Fig 02 - The CDP integration environment and functions
For data ingestion, stream processing, real-time streaming analytics and large-scale data movement into the data lake or cloud stores, CDP’s DataFlow capabilities powered by Apache NiFi, MiNiFi, Kafka, Flink or Spark Streaming are ideal. They enable the journey of data-in-motion from the edge to the cloud or the enterprise through an integrated platform. ELT (extract, load and transform) is supported with Apache NiFi powering the extract and load parts, while Hive and Tez or Spark provide the Transform part. Traditional ETL is also possible though the majority of CDP use cases are at a much higher-scale of volume and velocity than traditional ETL. Figure 2 provides an illustration of the sorts of capabilities provided.
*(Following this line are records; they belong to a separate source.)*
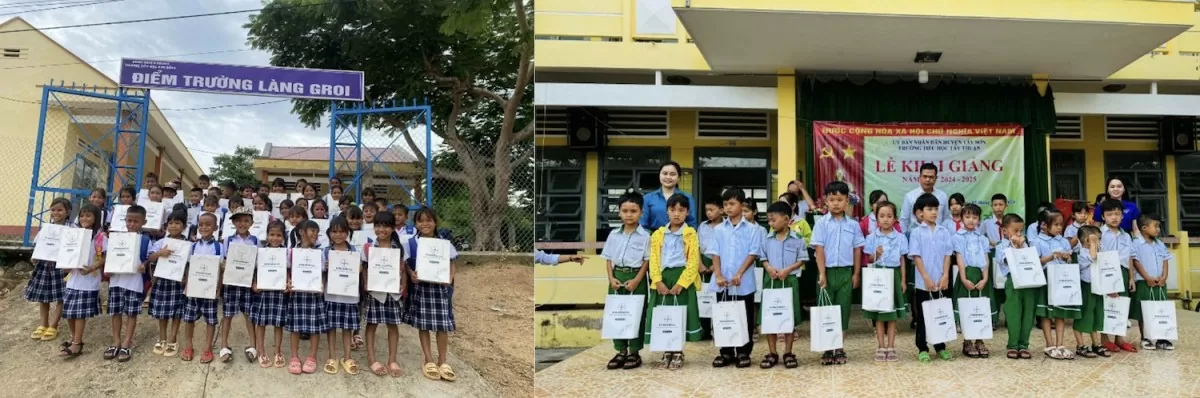 AKKN đồng hành, tiếp sức đến trường đối với các học sinh nghèo vượt khó trên địa bàn các tỉnh Bình Định và Gia Lai trong năm 2024 (Ảnh: Thu Hoài)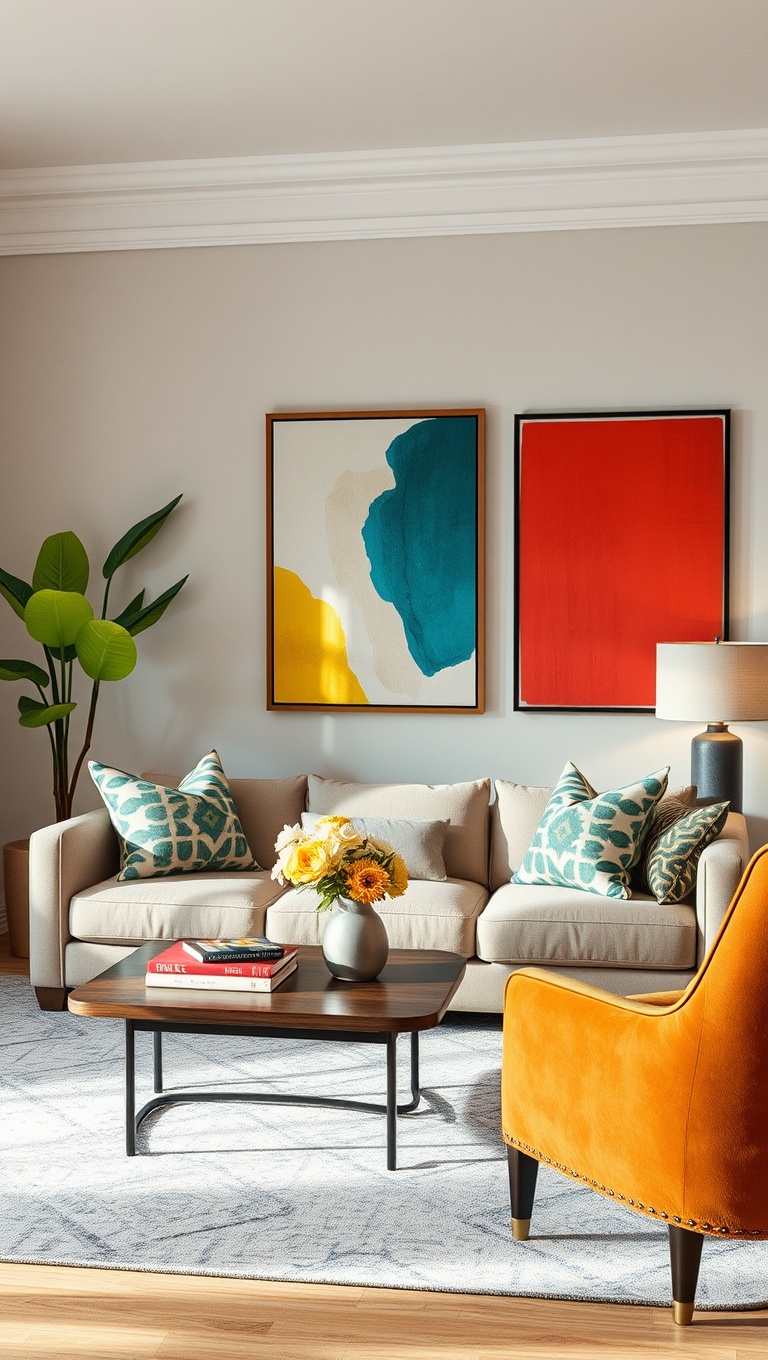 20 Inspiring Ideas for Your Dream Transitional Living Room - Decorate with Striking Artwork and Prints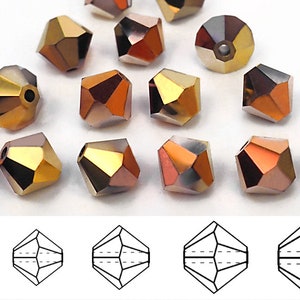 Jet California Golden Rush Black Aurum Bronze Traditional Czech Glass MC Bicone Beads Rondell Diamond Crystals 3mm 4mm Preciosa Metallic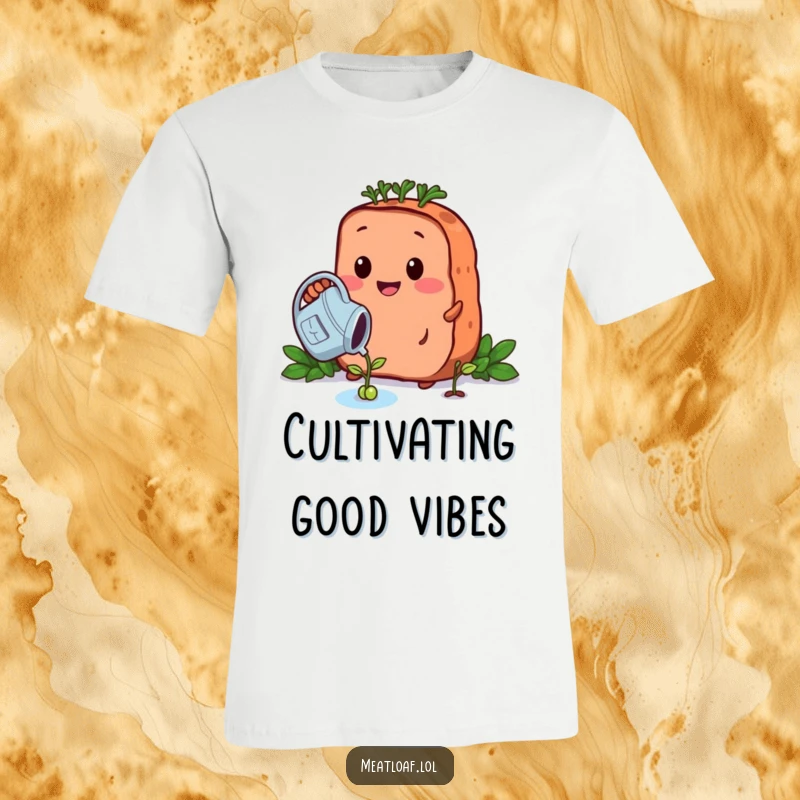 Funny growing meatloaf t-shirt displays a caring meatloaf character watering a small bean sprout with a watering can, promoting growth.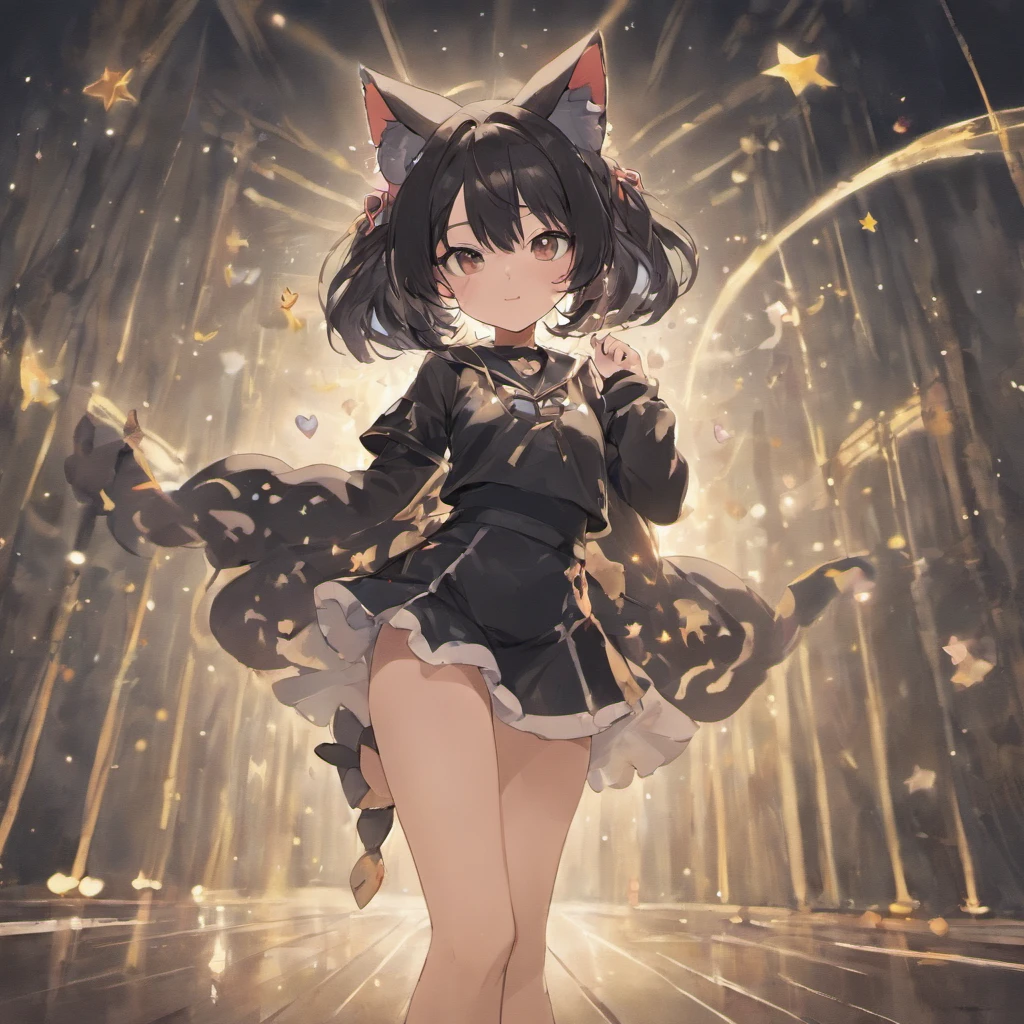 1 girl, black hair, with cat ears, with white eyes, Short skirt in black, white theme, cat tail, Background with stars, looks at the audience, smile face, Black hearts on chic, Milaha, Smiling, He looks like a prostitute, Slut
As far as data quality is concerned, Clouder’s approach is that you land your data in your data lake, curate it using some third party data preparation tool, and then move it into your data warehouse if appropriate. Thus, while data cleansing transformations are available there is no available data quality tool per se. On the other hand, CDP includes Cloudera SDX (shared data experience), which includes the Hive Metastore, Apache Ranger for security, Apache Atlas for governance and Apache Knox for single sign-on. Atlas is especially worth calling out because it provides a metadata repository for assets within the enterprise. That is, details about the assets derived from use of technologies such as Hive, Impala, Spark, Kafka and so on. More than 100 of these are supported out of the box and there is support to allow you to define additional asset classes. Underneath the hood a graph database is used to store asset definitions and instances, and the graph-based nature of the product allows you to explore relationships between different asset classes, and to support data lineage. It also supports the classification of assets and these can be linked to glossary terms to enable easier discovery of assets. The ability to apply policies to assets is enabled by attaching tags to columns that propagate through lineage and are then applied automatically to all derived tables. This is especially when it comes to such activities as masking sensitive data. Atlas integrates with Apache Ranger to enable classification based access control.
In addition to the metadata repository provided by Atlas, Cloudera also offers the Cloudera Data Catalog. This is intended for data stewards and end users to browse, curate and tag data. It provides a single pane of glass for data security and governance across all deployments with the notable exception (currently) that it is limited to data stored within the Cloudera environment.